Abstract
We provide a distributed method to partition a large set of data in clusters, characterized by small in-group and large out-group distances. We assume a wireless sensors network in which each sensor is given a large set of data and the objective is to provide a way to group the sensors in homogeneous clusters by information type. In previous literature, the desired number of clusters must be specified a priori by the user. In our approach, the clusters are constrained to have centroids with a distance at least ε between them and the number of desired clusters is not specified. Although traditional algorithms fail to solve the problem with this constraint, it can help obtain a better clustering. In this paper, a solution based on the Hegselmann-Krause opinion dynamics model is proposed to find an admissible, although suboptimal, solution. The Hegselmann-Krause model is a centralized algorithm; here we provide a distributed implementation, based on a combination of distributed consensus algorithms.
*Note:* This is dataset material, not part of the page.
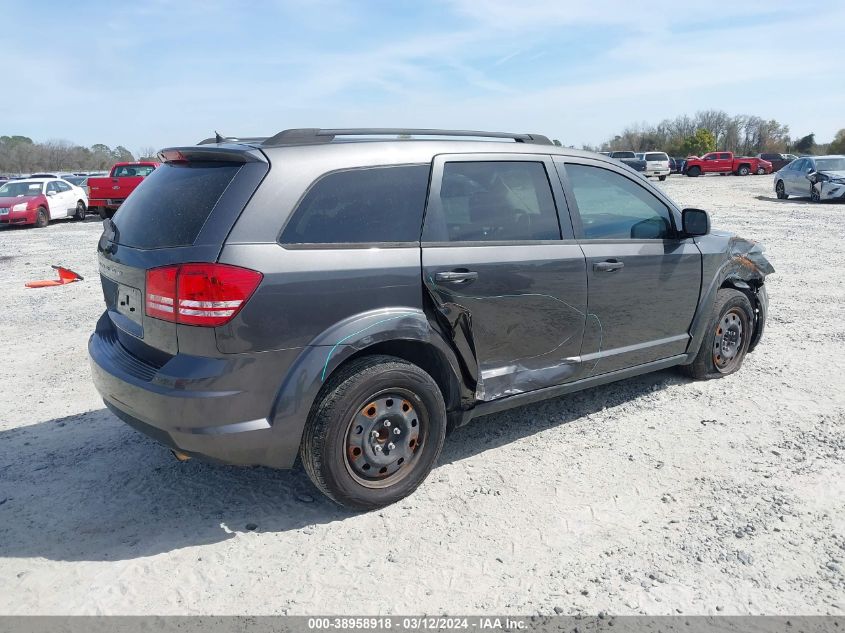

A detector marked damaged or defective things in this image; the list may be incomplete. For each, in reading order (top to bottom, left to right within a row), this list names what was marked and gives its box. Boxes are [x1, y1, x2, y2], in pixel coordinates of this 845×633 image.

dent in rear door [420, 153, 588, 400]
A comparison with k-means algorithm concludes the paper.
1. Introduction
The problem of grouping large amounts of data into a small number of subsets with some common features among the elements (often referred to as the data clustering problem) has attracted the work of several researchers in different fields, ranging from statistics to imagine analysis and bioinformatics [1–3].
Data clustering techniques are developed to partition an initial set of observation data into collections with small in-group distances and big out-group distances.
Among the existing techniques, one of the most used is the k-means algorithm or its successive extensions (e.g., fuzzy c-means [4], mixture of Gaussians algorithms [5]). Given a set of initial observation data and a number k of desired clusters, the k-means algorithm computes a suboptimal placement of k cluster centroids and assigns the observations to such centroids, alternating between an assignment phase, where each observation point is assigned to its nearest centroid, and refinement phase, where each centroid position is updated as the center of mass of all observations belonging to that centroid.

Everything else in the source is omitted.